Significance and Innovation
- Reviewers considered the proposed research innovative and cutting edge, as the proposed studies have been made possible only with recent advances in the field.
- The proposal is also highly significant. If the goals of the research are realized, it would represent a major step forward in enabling transplantation without toxic immunosuppressive drugs and would be an important step toward the development of a transplantable thymus. The project may benefit transplantation of many different cell types and therapies for a variety of diseases.
Feasibility and Experimental Design
- The experimental design is well constructed and presented. Given the expertise and experience of the research team, the proposed studies are feasible. Experiments for each aim were well presented and designed to meet the objective of the proposal.
- Reviewers differed in their opinions regarding the strength of the preliminary data.

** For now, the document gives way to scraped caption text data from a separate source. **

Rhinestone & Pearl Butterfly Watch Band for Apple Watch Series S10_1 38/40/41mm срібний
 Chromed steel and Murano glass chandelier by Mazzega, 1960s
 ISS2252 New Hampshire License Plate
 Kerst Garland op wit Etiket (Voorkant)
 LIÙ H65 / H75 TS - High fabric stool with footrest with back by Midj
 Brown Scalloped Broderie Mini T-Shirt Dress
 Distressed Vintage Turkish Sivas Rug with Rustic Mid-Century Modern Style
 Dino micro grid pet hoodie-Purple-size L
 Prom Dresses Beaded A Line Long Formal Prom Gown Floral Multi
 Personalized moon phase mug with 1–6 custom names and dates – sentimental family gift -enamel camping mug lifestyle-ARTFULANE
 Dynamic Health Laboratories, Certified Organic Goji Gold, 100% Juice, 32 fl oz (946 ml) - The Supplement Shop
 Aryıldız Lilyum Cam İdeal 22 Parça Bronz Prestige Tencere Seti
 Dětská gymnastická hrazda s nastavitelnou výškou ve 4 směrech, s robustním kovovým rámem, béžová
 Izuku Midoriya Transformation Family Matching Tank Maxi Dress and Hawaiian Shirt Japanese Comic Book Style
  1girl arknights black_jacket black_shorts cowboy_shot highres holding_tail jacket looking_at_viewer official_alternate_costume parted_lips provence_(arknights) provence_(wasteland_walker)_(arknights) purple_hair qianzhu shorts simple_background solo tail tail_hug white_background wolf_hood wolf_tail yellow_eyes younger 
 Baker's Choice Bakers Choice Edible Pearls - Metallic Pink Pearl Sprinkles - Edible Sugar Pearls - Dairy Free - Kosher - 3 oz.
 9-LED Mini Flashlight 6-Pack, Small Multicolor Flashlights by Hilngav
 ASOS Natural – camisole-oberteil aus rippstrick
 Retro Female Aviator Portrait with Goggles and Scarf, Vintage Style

Some viewed the preliminary data as strong and in support the hypothesis and research plan, whereas some were not convinced that the data were sufficient to suggest a high probability that the project would be successful. In particular, the complete functionality of the derived thymic cells in generating sufficient numbers of immune cells was questioned. For example, expression of some genes critical for tolerance generation was not demonstrated. Additionally, there was some concern regarding the feasibility of generating the cell lines needed for the project.
- There was also concern regarding whether the experimental models proposed were adequate and clinically relevant for the overall goal of the work. Some of the reviewers expressed reservations that the differentiation protocol needed further optimization.
- Although the PI acknowledged some of the potential pitfalls, the alternatives proposed were not always satisfactory and not all potential pitfalls were acknowledged by the PI.
Principal Investigator (PI) and Research Team
- The PI is an outstanding and respected scientist with expertise in immune tolerance and in understanding the immunological processes in Type 1 diabetes.
- The co-investigator is an outstanding developmental biologist, with whom the PI previously collaborated. Their collaboration has been productive and successful. Both are productive, innovative scientists with the expertise to conduct the project.
- To some the budget requested appeared high for the research proposed.
Responsiveness to the RFA
- This proposal is considered to be very responsive to the RFA. It proposes to utilize human stem cell-derived thymic cells and pancreatic progenitors to test a question of significance for the use of stem cells in treating disease—how to induce tolerance to, and avoid rejection of, transplanted stem cell-derived tissue.